KUCHING: Logistics provider Hubline Bhd has warned that the price surge in bunker and aviation fuels are exerting pressure on the group’s profit margins for the second half of its current financial year ending September 30, 2026 (FY2026).
Hubline said the operating environment for both the group’s shipping and aviation segments remains challenging amidst heightened geopolitical tensions in the Middle East, continued volatility in global fuel prices and fluctuations in the US dollar– ringgit exchange rate.
“For the shipping segment, the surge in bunker costs and currency fluctuations will exert pressure on margins over the next one to two quarters.
The aviation segment also faces higher aviation fuel costs and increased volatility in the US dollar,” the company said when releasing its 2Q2026 quarterly results.
In 2Q2026, Hubline group net loss widened to about RM2.84 million (2Q2025:-RM2.01 million) as revenue fell to RM38.5 million (RM40.7 million).
The company’s losses per share increased to 0.07sen from 0.05sen.
In the current quarter, the shipping segment recorded lower revenue of RM24.34 million (2Q2025:RM25.85 million) whereas the aviation segment posted revenue of RM14.11 million (RM14.89 million).

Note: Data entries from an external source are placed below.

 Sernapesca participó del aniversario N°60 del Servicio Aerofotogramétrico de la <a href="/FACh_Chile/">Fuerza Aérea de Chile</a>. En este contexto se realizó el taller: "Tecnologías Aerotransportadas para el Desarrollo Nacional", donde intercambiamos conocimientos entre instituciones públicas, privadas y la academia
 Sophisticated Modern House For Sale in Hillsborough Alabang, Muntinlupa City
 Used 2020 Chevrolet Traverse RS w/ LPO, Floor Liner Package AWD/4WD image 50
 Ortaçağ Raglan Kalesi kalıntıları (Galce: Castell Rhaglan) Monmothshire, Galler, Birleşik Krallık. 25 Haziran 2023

Hubline said the shipping segment’s drop in revenue was due to the unfavourable foreign exchange conversion of freight income from US dollar to ringgit.
“Alongside the drop in top line revenue due to unfavourable foreign exchange rates, the shipping segment incurred additional bunker expenditure due to the sharp rise in bunker fuel during the quarter,” it added in explanatory notes to its financial results.

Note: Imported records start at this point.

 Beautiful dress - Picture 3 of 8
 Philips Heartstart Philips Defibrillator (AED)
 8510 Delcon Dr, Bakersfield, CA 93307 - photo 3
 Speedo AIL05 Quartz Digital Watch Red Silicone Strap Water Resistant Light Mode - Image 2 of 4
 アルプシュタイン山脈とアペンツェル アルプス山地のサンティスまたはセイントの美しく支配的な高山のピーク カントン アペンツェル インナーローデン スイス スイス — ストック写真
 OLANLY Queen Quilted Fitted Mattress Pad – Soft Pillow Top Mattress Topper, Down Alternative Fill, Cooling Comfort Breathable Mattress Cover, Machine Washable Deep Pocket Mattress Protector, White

Hubline said revenue from the general aviation segment was generally consistent with the preceding year quarter.
This helped to offset the lower revenue from the flying academy on completion of cadets training contracts and graduation of cadets,” it added in explanatory notes to its financial results.
Hubline’s subsidiary Layang Layang Aerospace Sdn Bhd provides various air charter services, and aircraft maintenance service. The 2Q2026 financial results came in weaker as compared to the immediate preceding quarter (4Q2025) when revenue was higher at RM47.2 million (2Q2026:RM38.5 million) and after-tax profit oRM110,000 (-RM3.29 million).
Quarter-on-quarter, the shipping segment revenue decreased by RM1.88 million to RM24.34 million (RM26.22 million) due to the unfavourable currency exchange rate while the aviation segment revenue plunged by RM8.75 million to RM14.1 million (RM20.99 million) due to the completion of one-off aircraft charter project in the preceding quarter.
Going forward, Hubline said despite the various challenges facing the shipping segment, the group continues to benefit from its ongoing fleet renewal programme and learner barges, which support operational efficiency and improve cost competitiveness over the longer term.
On the aviation segment, Hubline said the group’s general aviation business continues to bid for new aviation charter and maintenance contracts, and will focus on efficient implementation of its ongoing contracts while maintaining service quality and cost optimisation in the near term.